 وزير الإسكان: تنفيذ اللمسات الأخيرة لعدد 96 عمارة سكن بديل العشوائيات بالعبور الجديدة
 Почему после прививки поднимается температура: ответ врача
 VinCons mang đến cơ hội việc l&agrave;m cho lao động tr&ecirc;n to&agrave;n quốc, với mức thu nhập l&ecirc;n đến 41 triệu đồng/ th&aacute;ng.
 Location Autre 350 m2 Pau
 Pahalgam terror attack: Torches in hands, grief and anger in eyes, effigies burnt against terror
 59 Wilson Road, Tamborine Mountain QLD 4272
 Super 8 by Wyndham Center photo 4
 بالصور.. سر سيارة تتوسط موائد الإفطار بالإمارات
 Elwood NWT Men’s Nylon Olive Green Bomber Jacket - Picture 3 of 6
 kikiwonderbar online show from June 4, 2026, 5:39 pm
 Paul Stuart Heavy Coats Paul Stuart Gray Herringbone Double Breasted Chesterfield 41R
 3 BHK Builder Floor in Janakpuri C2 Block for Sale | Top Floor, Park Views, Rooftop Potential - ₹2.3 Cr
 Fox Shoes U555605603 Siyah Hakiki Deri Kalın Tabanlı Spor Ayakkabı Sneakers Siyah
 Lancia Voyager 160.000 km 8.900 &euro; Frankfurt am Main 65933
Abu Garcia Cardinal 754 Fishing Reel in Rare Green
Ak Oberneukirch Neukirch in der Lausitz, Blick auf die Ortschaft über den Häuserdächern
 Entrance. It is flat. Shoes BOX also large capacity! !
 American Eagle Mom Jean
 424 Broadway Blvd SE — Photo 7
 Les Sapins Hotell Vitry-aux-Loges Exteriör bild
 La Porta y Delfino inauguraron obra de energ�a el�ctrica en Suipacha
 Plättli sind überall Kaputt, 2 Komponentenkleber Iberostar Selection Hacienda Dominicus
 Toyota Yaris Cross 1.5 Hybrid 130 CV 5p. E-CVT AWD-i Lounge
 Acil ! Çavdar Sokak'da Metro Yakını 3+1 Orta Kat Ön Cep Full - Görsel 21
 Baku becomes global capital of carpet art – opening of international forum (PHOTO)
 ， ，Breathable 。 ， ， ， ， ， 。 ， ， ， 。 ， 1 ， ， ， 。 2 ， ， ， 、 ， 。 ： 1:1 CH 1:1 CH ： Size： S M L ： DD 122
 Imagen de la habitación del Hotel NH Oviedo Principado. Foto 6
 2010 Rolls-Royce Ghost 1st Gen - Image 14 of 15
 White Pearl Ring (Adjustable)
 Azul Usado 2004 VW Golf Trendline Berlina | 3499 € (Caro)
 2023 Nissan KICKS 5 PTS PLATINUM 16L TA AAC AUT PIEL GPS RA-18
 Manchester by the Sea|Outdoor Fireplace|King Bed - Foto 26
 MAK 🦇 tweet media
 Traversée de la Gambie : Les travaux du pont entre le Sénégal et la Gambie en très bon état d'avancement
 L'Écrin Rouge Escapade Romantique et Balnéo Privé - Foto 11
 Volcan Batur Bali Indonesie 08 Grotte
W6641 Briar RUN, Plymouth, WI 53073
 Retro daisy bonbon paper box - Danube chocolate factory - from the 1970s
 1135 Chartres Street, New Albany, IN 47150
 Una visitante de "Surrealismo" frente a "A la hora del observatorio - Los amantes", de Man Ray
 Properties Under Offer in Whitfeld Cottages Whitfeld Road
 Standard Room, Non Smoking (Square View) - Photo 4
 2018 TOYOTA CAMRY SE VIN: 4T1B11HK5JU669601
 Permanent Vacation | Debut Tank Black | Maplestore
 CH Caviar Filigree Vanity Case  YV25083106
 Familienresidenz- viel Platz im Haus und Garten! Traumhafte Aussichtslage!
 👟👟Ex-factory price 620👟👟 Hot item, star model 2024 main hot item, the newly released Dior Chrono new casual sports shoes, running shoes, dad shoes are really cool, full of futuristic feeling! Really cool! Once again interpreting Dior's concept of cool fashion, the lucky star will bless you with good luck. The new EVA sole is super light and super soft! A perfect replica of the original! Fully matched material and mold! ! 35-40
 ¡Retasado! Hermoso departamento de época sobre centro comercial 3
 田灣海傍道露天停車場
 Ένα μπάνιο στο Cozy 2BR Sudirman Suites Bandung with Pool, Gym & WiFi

Assigned task: Everything from the line with "Ak Oberneukirch Neukirch" through the line with "Traversée de la" in the listing above must be retyped exactly, with nothing added.

Output below:
Ak Oberneukirch Neukirch in der Lausitz, Blick auf die Ortschaft über den Häuserdächern
 Entrance. It is flat. Shoes BOX also large capacity! !
 American Eagle Mom Jean
 424 Broadway Blvd SE — Photo 7
 Les Sapins Hotell Vitry-aux-Loges Exteriör bild
 La Porta y Delfino inauguraron obra de energ�a el�ctrica en Suipacha
 Plättli sind überall Kaputt, 2 Komponentenkleber Iberostar Selection Hacienda Dominicus
 Toyota Yaris Cross 1.5 Hybrid 130 CV 5p. E-CVT AWD-i Lounge
 Acil ! Çavdar Sokak'da Metro Yakını 3+1 Orta Kat Ön Cep Full - Görsel 21
 Baku becomes global capital of carpet art – opening of international forum (PHOTO)
 ， ，Breathable 。 ， ， ， ， ， 。 ， ， ， 。 ， 1 ， ， ， 。 2 ， ， ， 、 ， 。 ： 1:1 CH 1:1 CH ： Size： S M L ： DD 122
 Imagen de la habitación del Hotel NH Oviedo Principado. Foto 6
 2010 Rolls-Royce Ghost 1st Gen - Image 14 of 15
 White Pearl Ring (Adjustable)
 Azul Usado 2004 VW Golf Trendline Berlina | 3499 € (Caro)
 2023 Nissan KICKS 5 PTS PLATINUM 16L TA AAC AUT PIEL GPS RA-18
 Manchester by the Sea|Outdoor Fireplace|King Bed - Foto 26
 MAK 🦇 tweet media
 Traversée de la Gambie : Les travaux du pont entre le Sénégal et la Gambie en très bon état d'avancement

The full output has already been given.